I guess all you 9-to-5ers are a little miffed this wasn't a three-day weekend, but them's the breaks (sukkas). At least you still have today to sleep it off. Imagine my poor neighbors: it started raining - like torrential downpours, spitting lightning - almost 10 minutes before darkness fell, and lasted well into the morning hours. That means all the kids who were only allowed to pop-off a few bottle rockets and firecrackers, and hold sparklers "until it gets dark," got shafted, so they'll all be out, shooting the $300 worth of grab-bag fireworks they couldn't shoot on the right day (which isn't even the right day, come to find out). A perfect day for a hangover.

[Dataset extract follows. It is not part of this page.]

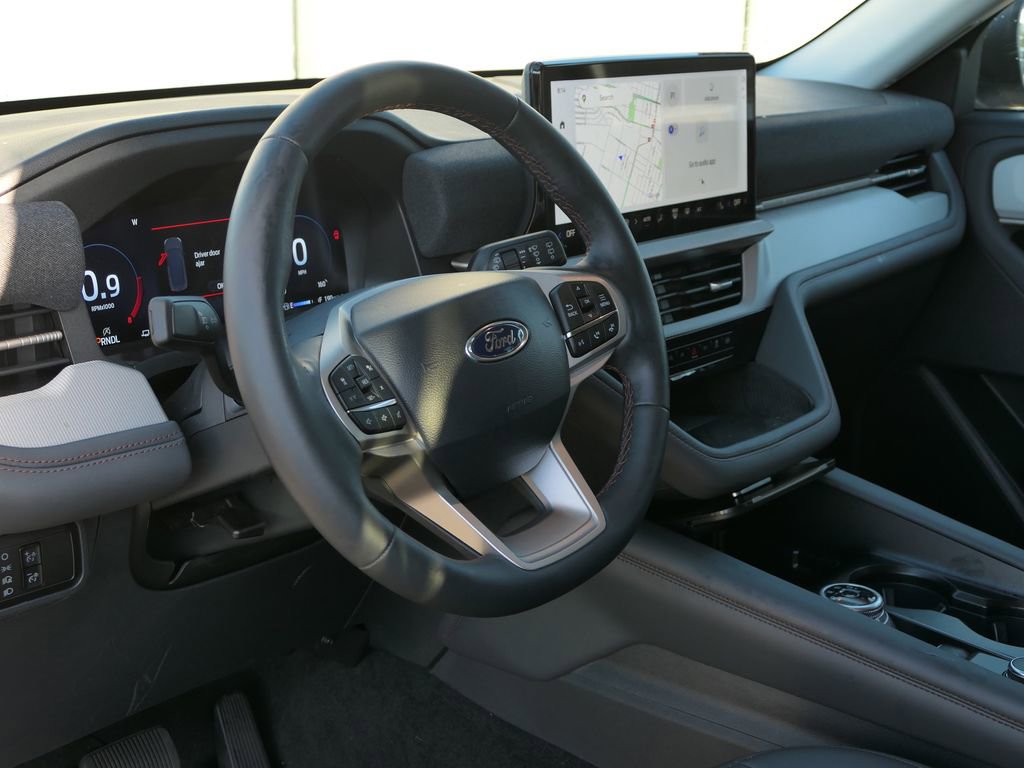 Used 2025 Ford Explorer Active w/ Active Comfort Package image 12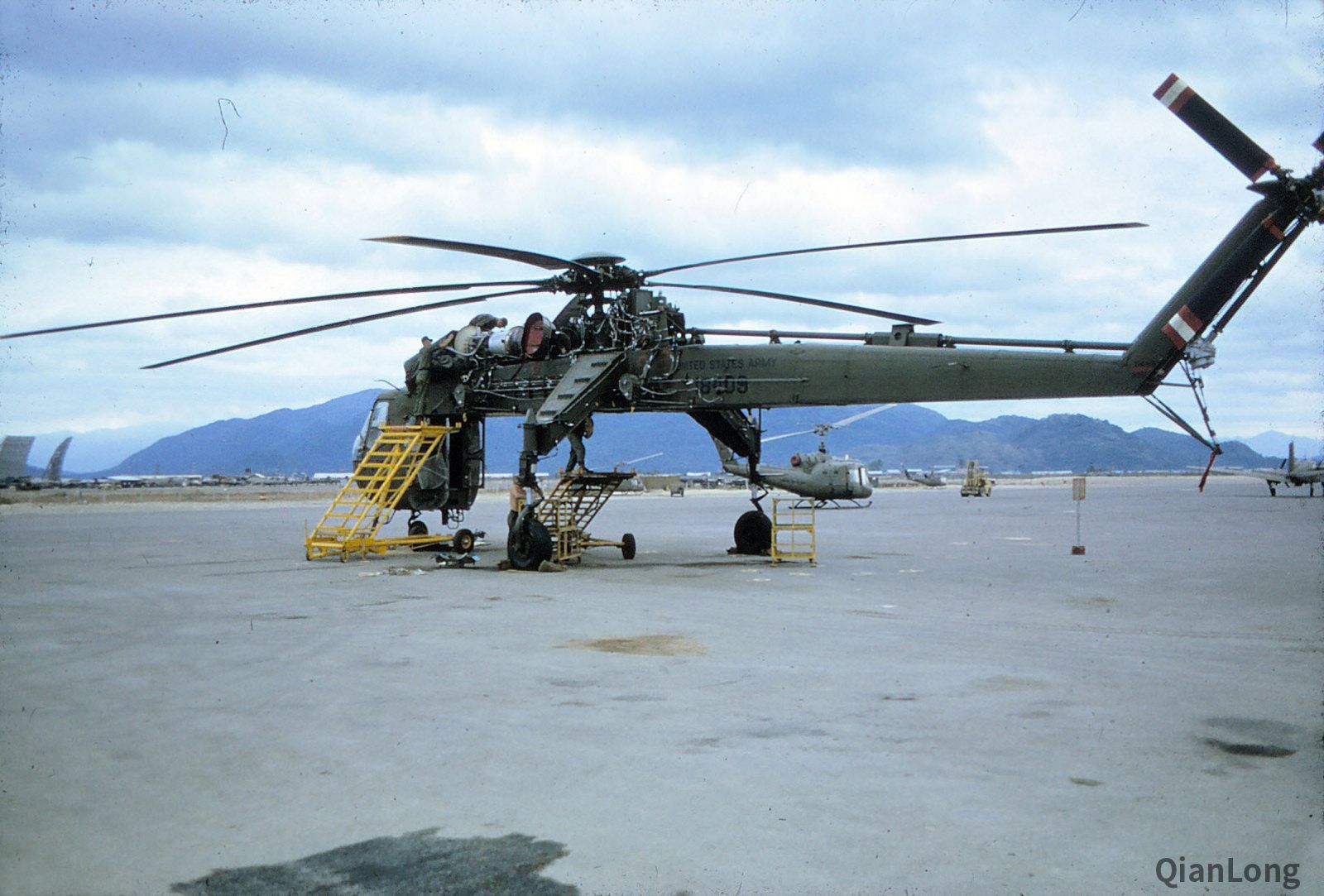 正在进行地面维护的西科斯基ch-54"塔赫"直升机(sikorsky ch-54 tarhe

I will be playing what is shaping-up to be our final D&D game. Depending on any number of things, me and my former neighbor may continue to run his character, or he may retire him to an NPC full-time. Actually, the neighbor who is moving out-of-state (the one who complained he couldn't get into it because he "[had] no imagination") expressed some remorse at having to give-up on it before really having the chance to play, so I'm going to give it an earnest go once more tomorrow.

As I said earlier, I have an entire piece on why the next generation - the generation to which these two fellas belong - didn't take to tabletop RPG. It is bolstered entirely by an article I know I read on either CBS or ABC News some years back. It was a very detailed piece about how the new generation (today's 20-somethings, by my best estimate), quite frankly, lacks imagination. The long and short of the study showed that "Generation Y" (or whatever) excelled at tasks they were given, but absolutely failed - fell flat-on-their-faces, failed - at any task for which they were not given explicit directions.

Because there's so much going on and the piece is actually (supposed to be) the final in a series, and because this whole experiment is going to occupy no small amount of room across the site, I'm touching on this now to start getting the theme into the heads of any readers we have here representin', yo (Generation Y - or whatever they are called): Gen-Yers have no imagination!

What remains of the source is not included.